Your third obvious mistake: Ignoring the taxman
Every other day we read about celebrities that have landed millions in tax arrears resulting in the I.R.S placing hefty liens on their properties and possessions. Nothing can be worse than waking up to a tax call stating that you were sleeping over tax arrears for years, and now it’s payback time. Many April 15 deadlines would have flown by and these celebrities never realized that they were heading for disaster, and a few would groan that they remained in the dark because “others” were handling the money while they were “busy” with their work. You can’t behave like the ostrich that hides its head in the sand hoping its enemies will run away. When you blindly pursue the path of earnings, you can’t forget you tax obligations to Uncle Sam. You do so only to your peril, as rich and famous people found out to their amazement.
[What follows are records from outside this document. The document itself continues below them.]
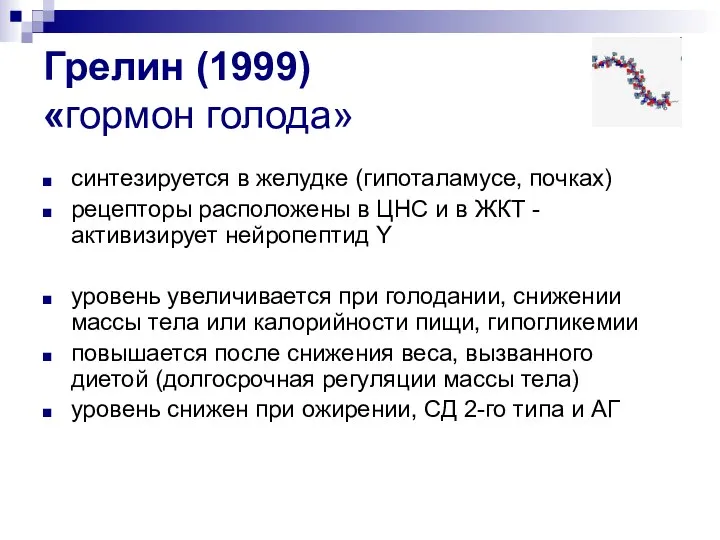 Грелин (1999) «гормон голода» синтезируется в желудке (гипоталамусе, почках) рецепторы расположены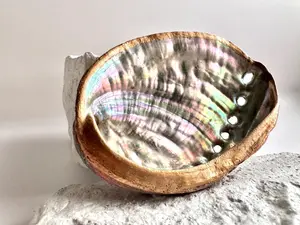 Abalone Shell, Hand Painted, Smudge Bowl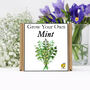 Gardening Gift. Grow Your Own Herbs. Mint Seeds Kit, thumbnail 2 of 4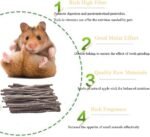 Apple Tree Sticks 500g, Natural Wood Molar Sticks, Pet Chew Toys for Guinea Pig, Chinchilla, Rabbit, Hamster, Bunny, Small Animal Molar Snacks - Image 6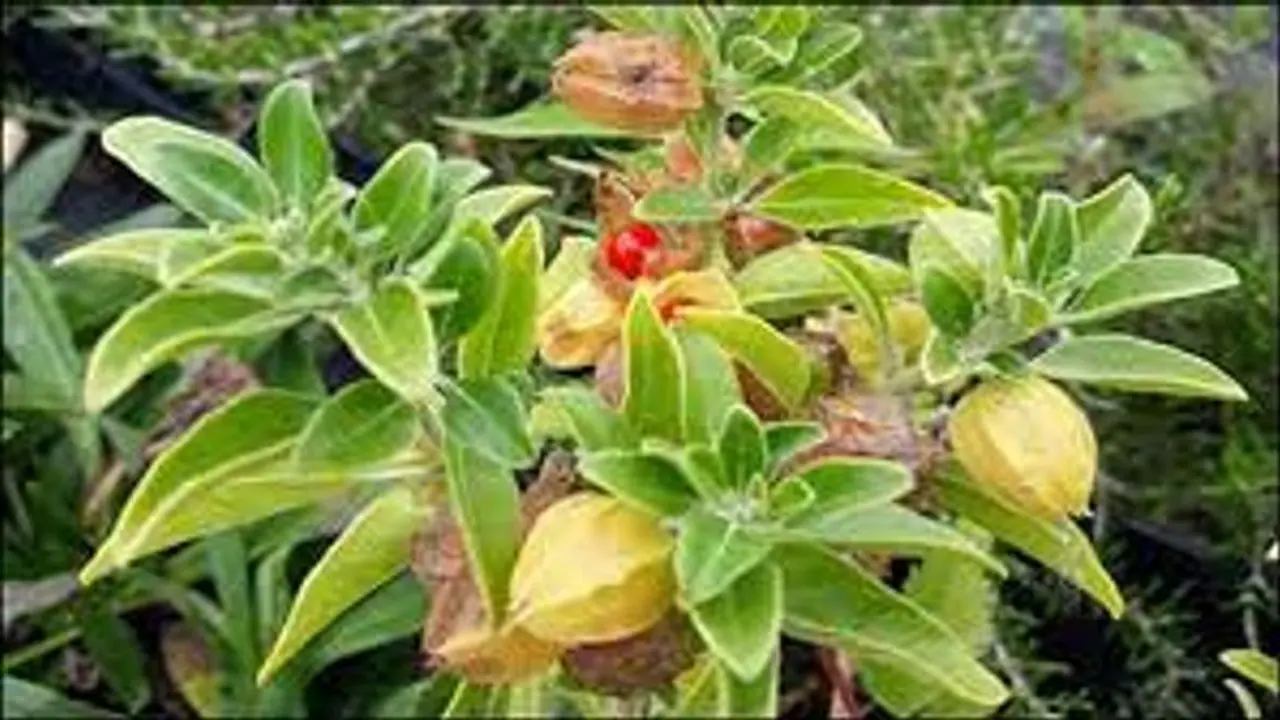 Ashwagandha Ashwagandha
Failure to pay taxes has its pitfalls. On the unpaid sum (what you owe Uncle Sam) you pay a monthly penalty of 0.5%. If you never paid any tax to begin with, the fine goes up to 5%. The torture doesn’t end there. You receive what could be called the long end of the stick – the federal short term rate with 3% added to it – as additional interest payable on your unpaid tax, till the sum is finally paid. If you are in danger of drowning in unpaid taxes, experts say there’s a way out.
If you sign up for the “Fresh Start Program” the I.R.S gives you the option to pay the tax arrears in convenient installments over the six-year tenure. There will be some nominal interest added on but the penalty climbs down to 0.25 percent which is mega-buck savings if you happen to be a zillionaire.
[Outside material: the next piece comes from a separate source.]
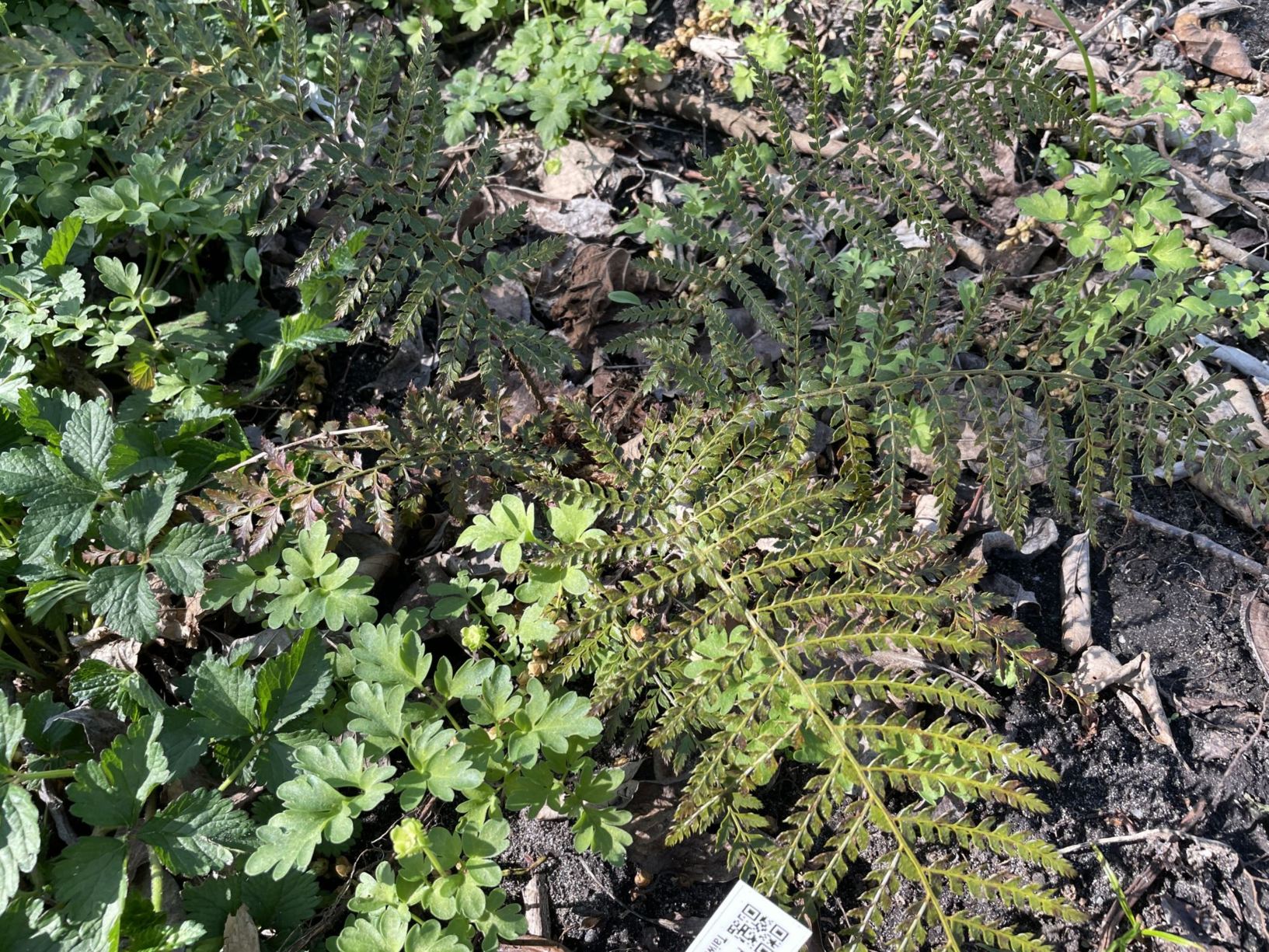Polystichum parvipinnulum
If you believe prevention is better than this type of tax cure, agree to pay taxes at quarterly intervals, readjust your withholdings if you anticipate windfalls through bonuses or salary hikes, and plough more money into your retirement fund to reduce your tax liability.
Your fourth manifest mistake: Tying the knot without a prenup
The much debated prenuptial agreement (or prenup for short) can be a lifesaver in more ways than one. This is a legal document that spells out precisely what happens to your assets following your divorce or death. It protects the assets you already own, and leaves you free of all liabilities where the spouse incurs debts through her actions. It also extends an umbrella of protection over your future income. The famous divorce of Madonna and film director Guy Ritchie is a case in point where the substantially richer Madonna dispensed with a prenup and had to shell out almost a fifth of her total assets to her ex.
In any marriage both partners may be at the same level financially, but over time one partner may gradually coast over the spouse in terms of aggregate earnings. Without a prenup, the disadvantaged partner can sue for half the earnings of the higher income partner. It’s not a comforting thought that being a high earner enables you to make up such losses, because what you have really lost is years (or decades?) that you faithfully invested in retirement funding that cannot be replicated easily. A postnuptial agreement after the wedding may not carry the same fizz as a prenup, but better cutch something than nothing at all.
The best approach is one that carries the weight of honesty. Tell your would-be spouse that there are assets that need to remain in your side of the family for various reasons and there is no point exposing the partner to your debts that are huge. Free and frank discussions can do wonders to clear the air and help each individual find his or her financial feet in an uncertain world. An unseen, and as yet unacknowledged, advantage is that before the prenup gets signed, both the parties have to declare their full assets and liabilities without hiding anything.
Last but not the least; ensure that you engage a true blooded professional to handle your finances while maintaining complete control over the bulk of the transactions, withdrawals and investments that affect your future. Hiring a personal financial advisor is fine, but one shouldn’t extend a blanket license to any professional to mess with your money without your say so.